Get to know the companies writing
the second chapter of The Clean Fight:
Mass Market Buildings Edition
Our second cohort of nine companies is focused on high impact, easy-to-adopt solutions tackling the deep decarbonization of non-luxury buildings through electrification, advanced efficiency, demand flexibility and resilience. By focusing on mass market buildings, these companies are staged to generate equitable climate impacts, while providing health, comfort, and savings benefits to the frontline and underserved communities most impacted by the climate crisis.
Ohio based Aeroseal’s next-generation sealant injects micro-particles into duct and wall leaks as small as a human hair, to eliminate drafts in homes and offices. Solving air leakage not only reduces one of the largest causes of energy waste in buildings, but delivers comfort, healthier air, improved HVAC performance and lower energy bills.
CleanFiber, based in Buffalo, NY, is a high-performance cellulose insulation made from recycled cardboard, providing superior performance at a lower cost. A carbon negative solution, it eliminates emissions by improving efficiency, reducing the energy required to produce insulation and by directly sequestering carbon.
Portland, OR company Indow makes custom window inserts that simply press inside existing frames, making installation a breeze. They not only decrease the massive energy loss from windows, but reduce noise at a fraction of the often-prohibitive cost of window replacement.
Australian company Allume Energy has the world’s only behind-the-meter hardware designed to enable multi-family homes to share solar from a single rooftop system with anyone in the building who wants access. This allows underserved segments to receive the financial and environmental benefits of solar for the first time.
Toronto-based SWTCH Energy provides electric vehicle charging-as-a-service and DER integration for multi-family buildings, reducing financial barriers and enabling more equitable access to charging.
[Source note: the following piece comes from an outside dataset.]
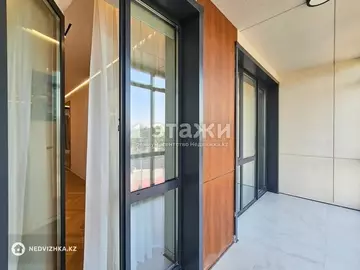 4-комнатная квартира, этаж 3 из 3, 180 м²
SWTCH understands the unique needs of multi-family buildings, offering features such as advance and on-demand reservations and loitering prevention to effectively manage communal charging.
Urban Electric Power, based in Pearl River, NY, has created a rechargeable battery energy storage system using zinc manganese-dioxide, making it exceptionally safe and ideal for use in buildings in dense urban settings. Delivering power resiliency and demand management via their modular solution allows it to scale from residential to commercial to grid-scale applications.
San Francisco based Flair is an IoT-building company transforming traditional HVAC in single and multifamily homes using grid-interactive controls and vents. Their innovative yet easy-to-use solution increases comfort, reduces energy usage and critically, enables the path to hybrid and full electrification of homes.
Based in Virginia, Pearl Certification is a proprietary certification and marketplace platform that incentivizes homeowners to make efficiency, renewable energy and resilience upgrades based on the proven increase to home value that comes with their certification. Pearl also makes it easy by connecting homeowners with their certified contractors to undertake and document the improvements.
NYC’s Runwise is a low-cost, fast-to-install monitoring and control platform using inside temperatures, weather predictions and machine learning to remotely and seamlessly adjust a building’s heating system on command, improving comfort, while reducing costs and carbon output. On average, Runwise pays for itself in less than 9 months and guarantees that they only make money if you do too.